Como Abel Batista já disse que se Campelo avançar ele não avançará, presume-se que seja mesmo que não consiga integrar Campelo na lista C.D.S.. Neste caso o C.D.S. desistiria mesmo de apresentar qualquer lista, com ou sem Abel Batista, mas ainda falta saber se oficialmente os seus correligionários e ele próprio integrariam ou não a lista de Campelo.
Mesmo que Daniel Campelo integre na sua lista elementos do C.D.S. conotados com a linha oficial do partido, estes jamais terão a possibilidade de constituir qualquer força autónoma dentro dos órgãos camarários. Tal não seria uma derrota pessoal para Abel Batista porque se sacrificaria por um amigo, mas não deixaria de ser uma clara derrota política e de ter repercussões negativas em relação a um partido cuja única amarra ao poder local é Daniel Campelo.
A última hipótese é mesmo Campelo não aceitar integrar a lista do C.D.S. e não se dar ao trabalho de formar a sua própria. Teremos então Abel Batista a avançar, a dar a cara pelo seu partido, o que como princípio será louvável, mas a aceitar a liderança de Paulo Portas, tão contestada em Ponte de Lima e em evidente decadência no País. As suas hipóteses de eleições serão muito menores, até porque nem será seguro que Daniel Campelo lhe retribua o gesto.
O que não se coloca como hipótese viável é surgir nesta área política um outro candidato que, perante a desistência de Daniel Campelo, entendesse avançar com ou sem o seu apoio explícito. Primeiro porque nunca teria o apoio de Abel Batista já que das declarações deste se subentende que, a não avançar Campelo, avançará ele.
Segundo porque se o apoio explícito de Daniel Campelo ainda daria um impulso a essa candidatura e levaria os apoios económicos a pensarem em dividirem-se por dois candidatos em vez de se entregarem a um, o que manifestamente lhes não agrada, a verdade é que seria uma atitude suicidária e veríamos duas máquinas bem alicerçadas no terreno a digladiarem-se.

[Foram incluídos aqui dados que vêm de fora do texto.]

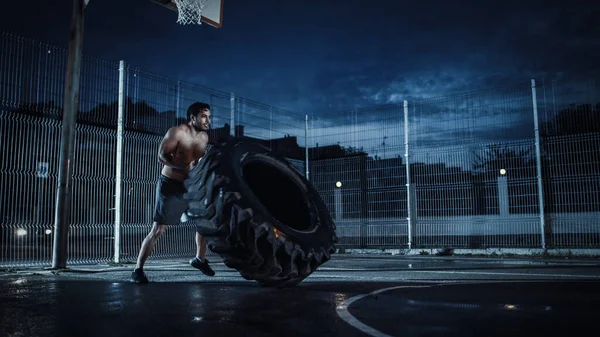 Silny muskularny Fit Młody człowiek bez koszuli robi ćwiczenia na ogrodzonym boisku do koszykówki na świeżym powietrzu. On Flipping a Big Heavy Tire w nocy po deszczu w dzielnicy mieszkalnej. — Zdjęcie stockowe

Em terceiro lugar porque, sem o apoio explícito de Daniel Campelo, uma candidatura nessa área seria, como a de Carmona Rodrigues em Lisboa, uma forma de dar azo a uma vaidade particular, não seria politicamente correcta nem pessoalmente digna e, como isso é normalmente detectado pelo eleitorado, seria penalizada por isso. Nem todas as cartas estão pois lançadas.